Crawled caption data
========

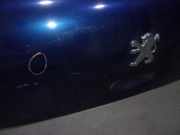 Handschuhfach 685000924R Dacia 1.5 dCi Diesel FAP CAT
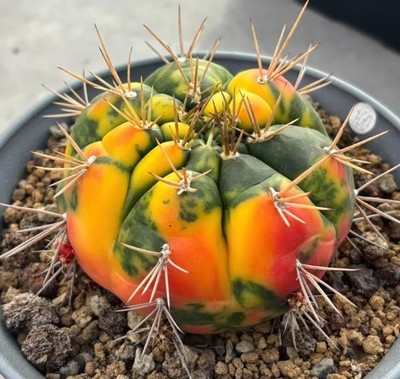 Rare Cacti Gymnocalycium eurypleurum Variegated WYSIWYG Own Root Boutique Sale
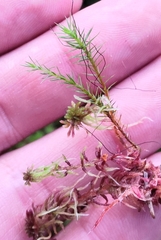 Polytrichum strictum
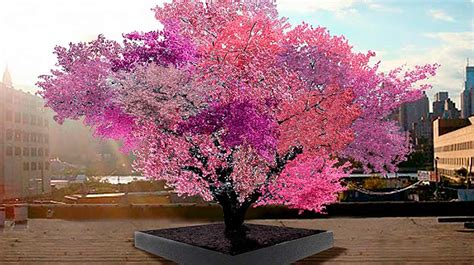 This Amazing Tree Grows Over 40 Different Kinds Of Fruit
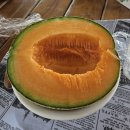 한국농장 | 홋카이도여행 후라노 팜토미타 근처 메론맛집 후쿠다 메론농장 후기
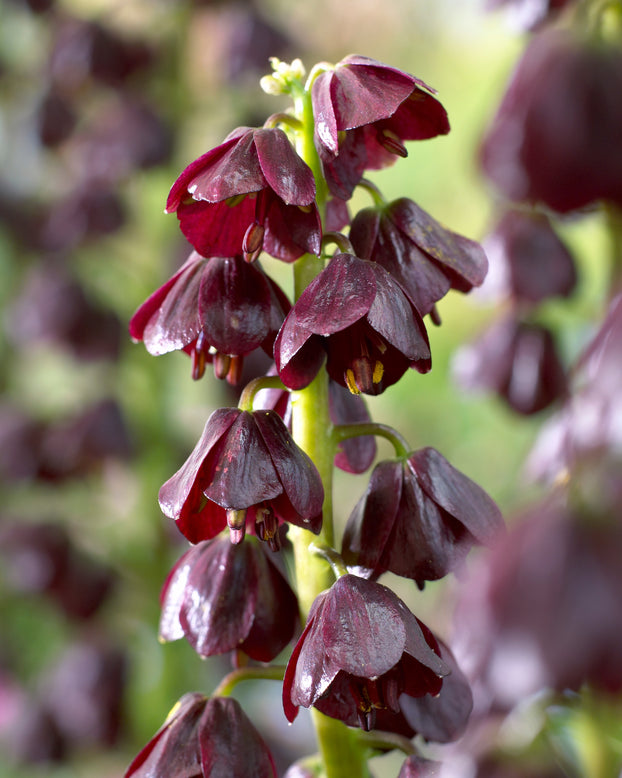 Fritillaria 'Purple Dynamite'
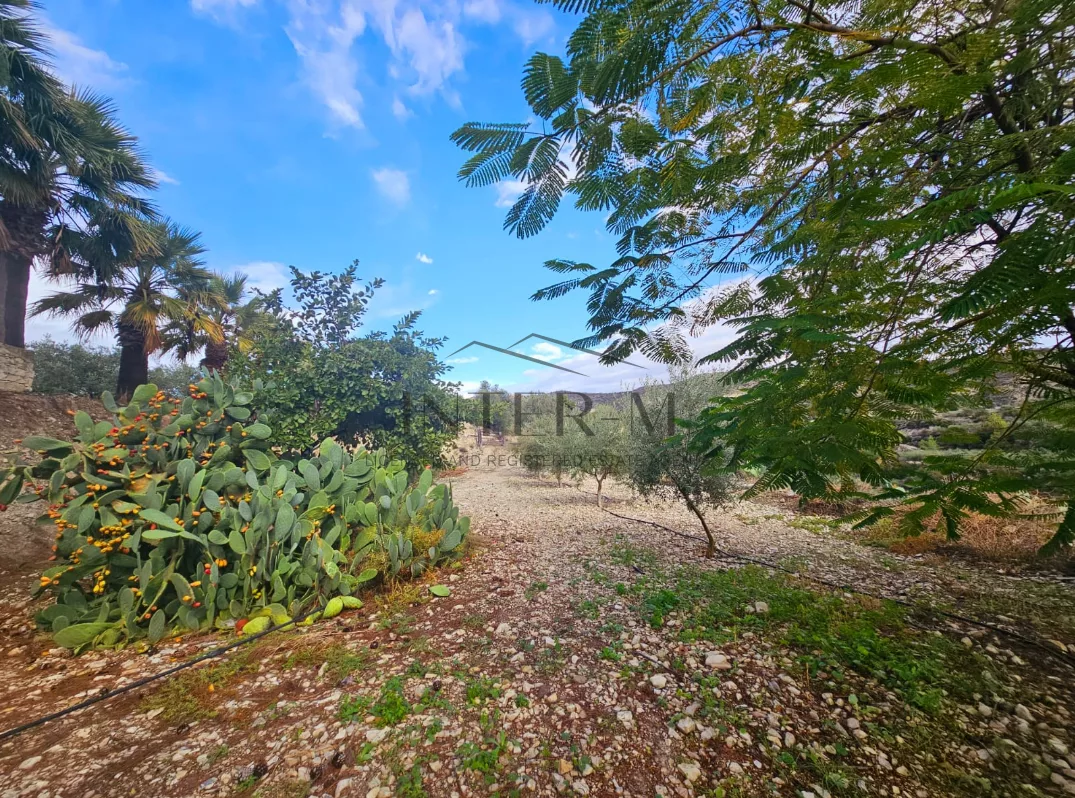 Amazing Land For Sale,In Kalavasos, Larnaca, Cyprus photo 8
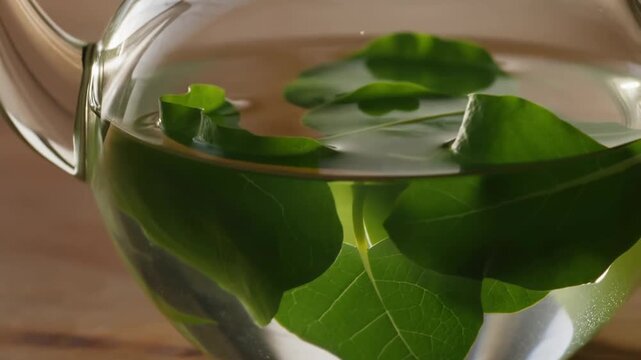 Fresh bacopa monnieri green leaves steeping in transparent glass teapot with warm natural lighting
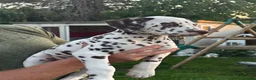 Dalmatian dogs for sale: Exceptional Litter (Sold) - Advert 5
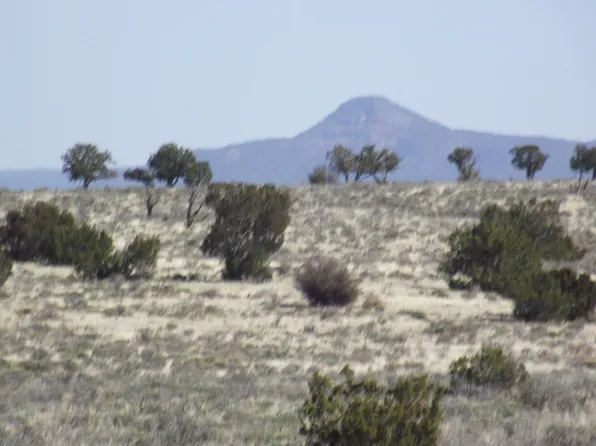 6366 S Smoketree Rd, Williams, AZ 86046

========

#### [Task statement]
Each line from the one containing "한국농장 | 홋카이도여행 후라노 팜토미타 근처 메론맛집 후쿠다 메론농장 후기" to the final line of the data must be printed exactly, both included, with nothing else and no pictures.

#### [Answer section]
 한국농장 | 홋카이도여행 후라노 팜토미타 근처 메론맛집 후쿠다 메론농장 후기
 Fritillaria 'Purple Dynamite'
 Amazing Land For Sale,In Kalavasos, Larnaca, Cyprus photo 8
 Fresh bacopa monnieri green leaves steeping in transparent glass teapot with warm natural lighting
 Dalmatian dogs for sale: Exceptional Litter (Sold) - Advert 5
 6366 S Smoketree Rd, Williams, AZ 86046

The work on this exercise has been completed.